Затем я создал еще одну фабрику в Малайзии, чтобы производить механизмы для кварцевых часов Eta. Это были далеко не простые механизмы, но их качество также не уступало швейцарскому. Я делал циферблаты для Riga, Rado и иже с ними. Rado я поставлял, наверное, сорок процентов от общего объема продукции. Конечно, понадобилось нанять немало управляющих. В основном мы работали с индийцами.
DE I: Что вам помогло добиться такого результата?
Шнайдер:
Жесткая дисциплина. Дисциплина так же хороша, как менеджмент. Если ты говоришь: «Пол должен быть чистым» и проверяешь результат, пол будет чистым. Если не проверяешь — так и останется грязным.
DE I: А как вы стали владельцем Ulysse Nardin?
Шнайдер:
В 1980-х казалось, что механическим часам настал конец. Им на смену пришли кварцевые. Единственной компанией, которая продолжала выпускать механические часы, была Rolex. Здесь тоже пытались перейти на кварц, но ничего не получилось. И тем не менее Rolex остались популярными в престижном секторе. Почему? На Востоке часы — важнейший залог. Обеспеченные китайцы, направляясь в пятницу или субботу играть на деньги, закладывали часы в ломбард, чтобы получить наличные. В понедельник они выкупали часы, если были в выигрыше, или платили процент. Кварц держатели ломбардов не принимали: они брали часы только в том случае, если те тикали!
Но если не брать в расчет Rolex, остальные швейцарские компании оказались в беде. Многие обанкротились или были выставлены на продажу. Как раз это и случилось с Ulysse Nardin. Я катался на лыжах в Швейцарии, когда узнал из газеты, что Ulysse Nardin вот-вот ликвидируют, и компания ищет «рыцаря на белом коне», который ее спасет. Я пришел в их офис и застал только одного мастера — господина Бету. Еще в компании числился господин Хальдиманн, но его занятость была частичной: обороты компании не позволяли держать его на полной ставке. Хальдиманн очень надеялся, что кто-нибудь купит компанию, чтобы он смог по-настоящему работать.

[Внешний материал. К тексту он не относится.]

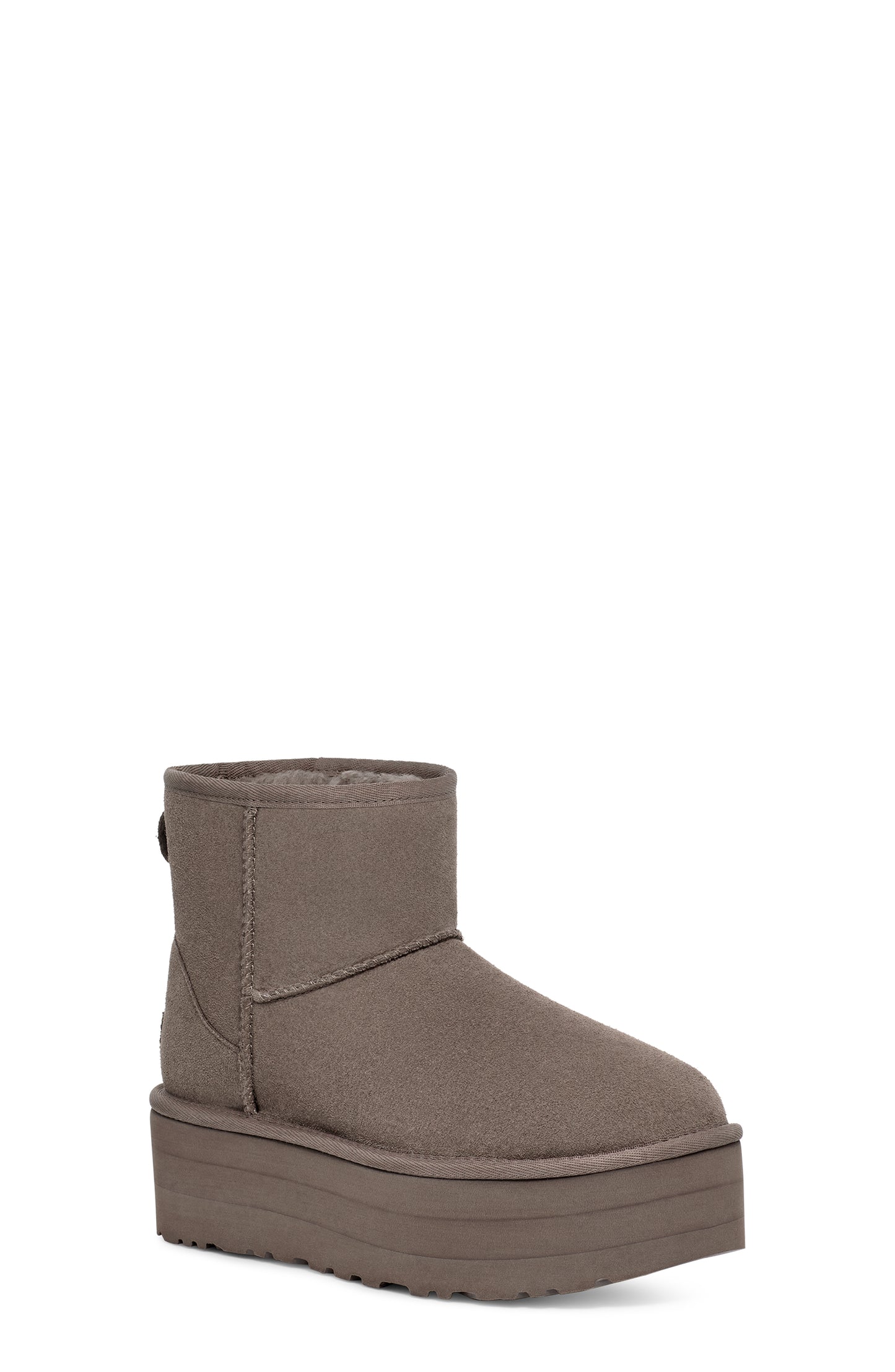 Women's Classic Mini Platform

Итак, Ulysse Nardin была компанией, в которой работали полтора человека. Но находись она на пике успеха, я не смог бы ее купить, у меня просто не хватило бы денег. А тогда я оказался единственным желающим приобрести Ulysse Nardin. При этом мне говорили, что я разменял хорошие деньги на плохие. Я отвечал: все зависит от того, что с ними делать.

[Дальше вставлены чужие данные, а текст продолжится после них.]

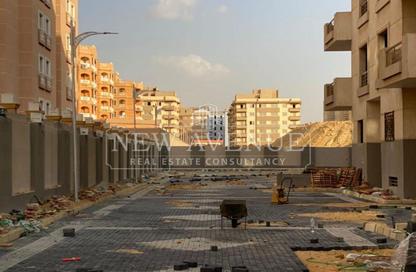 Apartment - 3 Bedrooms - 2 Bathrooms for sale in Dar Masr 2 - elandalus - South Teseen St. - The 5th Settlement - New Cairo City - Cairo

DE I: Первый раз я наткнулся на часы Ulysse в Дубаи и при виде Astrolabium Galileo Galilei испытал настоящий шок от высочайшего качества и от того, как они выглядят…
Шнайдер:
Когда мне пришла идея воплотить часы-астролябию эпохи Возрождения в карманном варианте, я начал искать людей, которые способны решить эту задачу. Но столкнулся с тем, что среди часовых мастеров таких профессионалов нет. Часовщик — человек очень негибкий. Он обучается своему ремеслу раз и навсегда, и заставить его изменить подход крайне трудно. К тому же настоящие часовщики к тому времени почти перевелись: с появлением кварцевых часов в них перестали нуждаться, и молодежь больше не шла к мастерам в подручные. Однажды я узнал, что в одной лаборатории в Люцерне разрабатывается турбийон с тремя мостами и решил познакомиться с мастером-разработчиком.
Пришел в лабораторию и в приемной увидел настенные часы — что-то похожее на астролябию, о которой я думал. Но я не был уверен и спросил у мастера. «Да, так и есть, астролябия, — подтвердил он мою догадку. — Но это совсем новые часы».

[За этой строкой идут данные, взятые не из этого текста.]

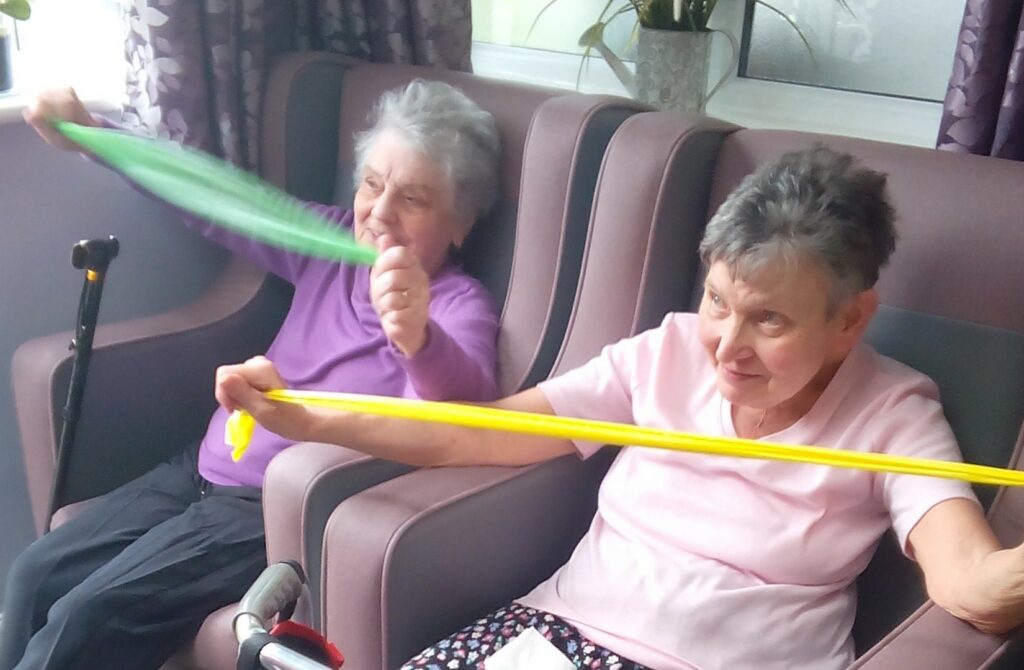 Nightingale Care Home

«Новые? А кто их сделал?» — поинтересовался я. — «Людвиг, мой ученик. Он почтине приходит в лабораторию, все в музеях торчит», — сказал мастер.
Я оставил свою визитку, а через три недели мастер позвонил мне, чтобы сообщить: Людвиг в лаборатории. Я прыгнул в машину и рванул в Люцерн. Тогда я впервые увидел Людвига: он работал, используя для увеличения разрезанные дешевые очки! Было невозможно поверить, что часы-астролябию сделал именно он. Людвиг рассказал, что работал над ними в Риме: его вызвали в Ватикан чинить сломанные венецианские часы — старейшие астрономические часы в мире. Изучив их, он сделал модель, которую я увидел в лаборатории. Я поинтересовался, может ли он сделать наручные часы-астролябию. Людвиг удивленно посмотрел на меня и спросил: «Кому нужна такая маленькая астролябия?» Я ответил: «Мне!» С этого все и началось.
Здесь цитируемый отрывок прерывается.